Hello

I am trying to make solr work with Greek and when i search something without the accent it does not find anything but when i search with accent it works.

Can you please let me know what i need to change so i can make this work?

CommentFileSizeAuthor
#21 solr.zip7.39 KBarekanderu
#7 select.zip7.08 KBarekanderu
Support from Acquia helps fund testing for Drupal Acquia logo

Comments

arekanderu’s picture

Category: bug » support

I was able to make this thing work a bit better by using the GreekLowerCaseFilterFactory and GreekLowerCaseFilterFactory directly in my schema.xml under text_el field type. Apparently stemming for this language is not supported through SnowballPorterFilterFactory yet, unfortunately.

Even though i can see in my solr admin -> schema browser that the greek terms are now lower cased and without accent (thats what i wanted) and if i use in solr admin -> query a greek word results are returned, if i use the same word on my drupal site and language set to greek apachesolr returns 0 results.

Index and solr installation is the same one for both cases so basically i do not see similar results. Any thoughts?

arekanderu’s picture

Actually, I am not getting proper results in Solr Admin either. I checked the logs to see what kind of query does Apache Multilingual module produces and I only took the basic parts of it, the filter query (which is language:el) and the query I am actually submitting, which is one word in greek.

With the use of Solr Admin -> query -> advanced interface if i type my query (just one word) inside the statement and add language:el in filter query I get 0 results.

The word i am using in query exists in Schema Browser however as a term under title_el.

If i use an english word though with filter query language:el some expected results are returned just fine.

arekanderu’s picture

Some furtner info: I made the search with my greek word but WITH the accent (which i can see it with an accent as a term under the body field in schema browser) and language:el for filter query and it returned proper results.

In addition, if i just make a query by using body_el:MY_GREEK_WORD and without filter, i get 0 results again.

It's like body_el is completely ignored....any thoughts why?

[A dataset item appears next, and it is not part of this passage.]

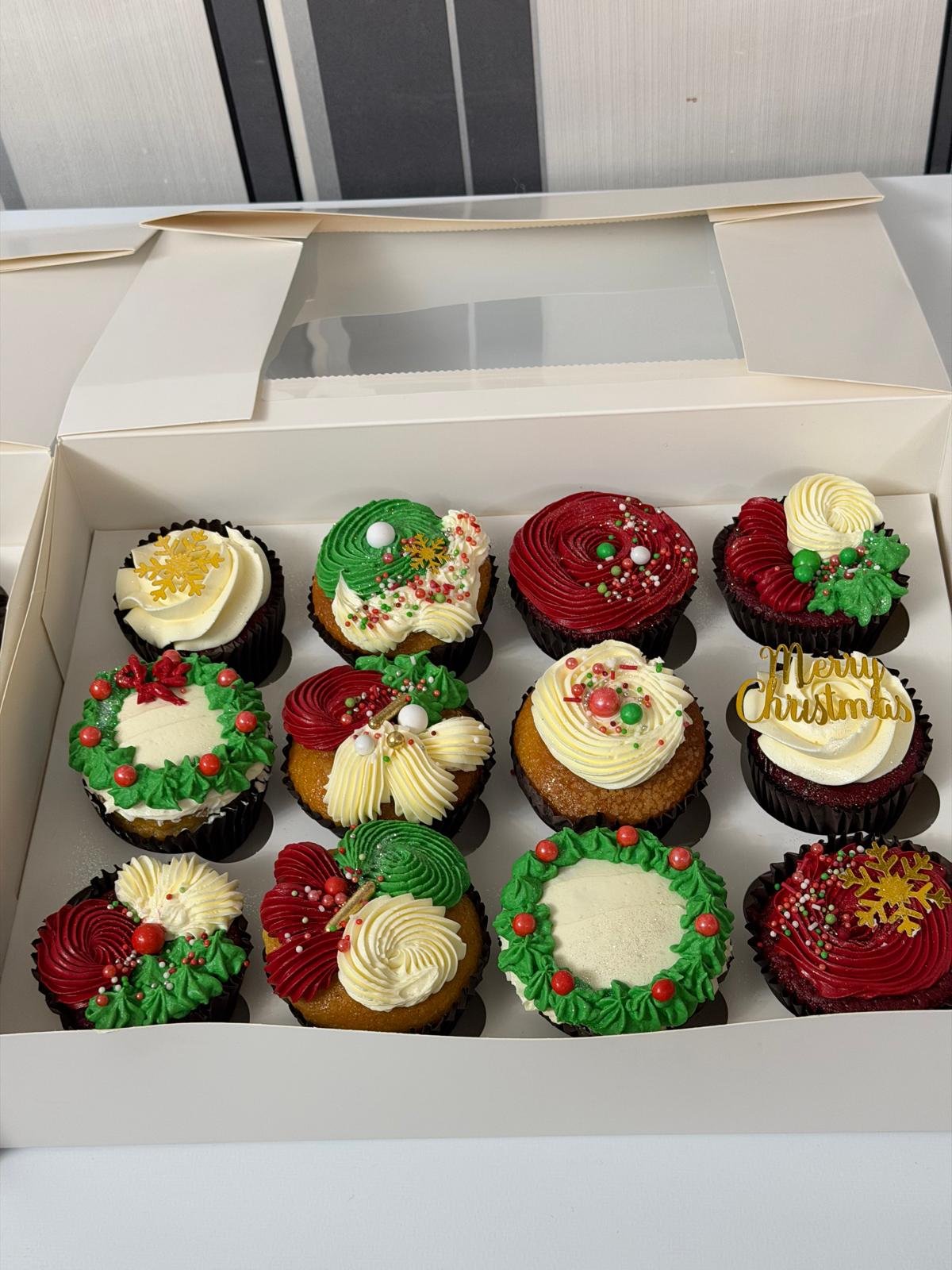 "Merry Christmas Assorted Cupcakes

I am clarifying again that i am doing all this test through the tomcat solr admin interface but I've indexed my data through drupal admin interface

arekanderu’s picture

Title: Wrong query with non-English language and more » How to ignore accents
Priority: Major » Normal

Here is partial from the query explain:

<str name="parsedquery_toString">
+(tags_h1:ξενοδοχει^5.0 | body:ξενοδοχει^40.0 | title:ξενοδοχει^5.0 | tags_h4_h5_h6:ξενοδοχει^2.0 | tags_inline:ξενοδοχει | name:ξενοδοχει^3.0 | taxonomy_names:ξενοδοχει^2.0 | tags_h2_h3:ξενοδοχει^3.0)~0.01 (body:ξενοδοχει^2.0)~0.01
</str>

As you can see, body is used instead of body_el and title instead of title_el.

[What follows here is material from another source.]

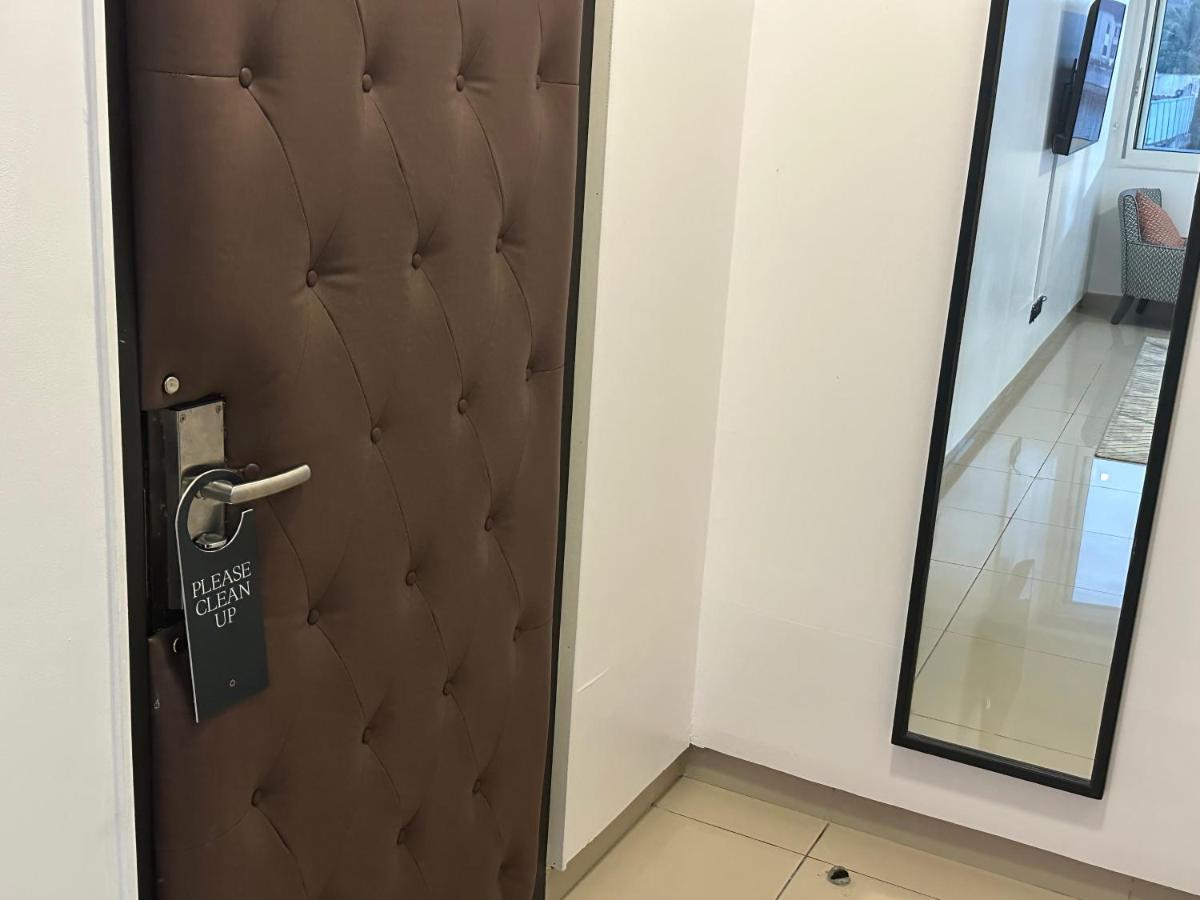 לגוס Guided Hospitality - Luxury Accommodations מראה חיצוני תמונה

I am pretty sure that the query submitted by your module produces (a more complex version which includes facets) something like the above query. Please clarify the situation.

mkalkbrenner’s picture

From README.txt included in the module:

B) Multiple Languages and Apache Solr Multilingual Texfile
==========================================================

1. Ensure that all the languages you want to cover with
   multilingual search are available and enabled at
   admin/settings/language

2. Enable all the languages you want to cover with
   multilingual search at admin/settings/apachesolr/multilingual
   and "Save configuration"

3. Adjust all solr text files to your needs at
   admin/settings/apachesolr/multilingual

4. Download apachesolr_multilingual_config.zip at
   admin/settings/apachesolr/schema_generator

5. Extract apachesolr_multilingual_config.zip to your solr
   conf directory and restart solr

6. "Re-index all content" at settings/apachesolr/index.
   It's important that you already have content in every langauge
   at this point. Otherwise the checkboxes in the next step won't
   exist until you indexed some content in a specific language

7. Go to admin/settings/apachesolr/query-fields and set "Body" and
   "Title" to "Omit". Enable all language specific bodies and titles
   like body_en or title_de by selecting any value you like but not
   "Omit". And don't forget to "Save configuration".

8. Optional: Like described in 7 omit
     "Body text inside links (A tags)",
     "Body text inside H1 tags",
     "Body text inside H2 or H3 tags",
     "Body text inside H4, H5, or H6 tags",
     "Body text in inline tags like EM or STRONG"
   and turn on the language specific fields like
     "tags_a_de",
     "tags_h1_de",
     "tags_h2_h3_de",
     "tags_h4_h5_h6_de",
     "tags_inline_de".

9. Optional: If you insatalled the module "Taxonomy translation" and
   turned on "Index taxonomy term translations" at
   /admin/settings/apachesolr/multilingual you should omit
   "All taxonomy term names" and enable the language specific equivalent
   like "taxonomy_names_de" instead like described in 7.

I guess you missed at least point 7.
But ensure that you re-index first. Otherwise the options will not be available (see 6).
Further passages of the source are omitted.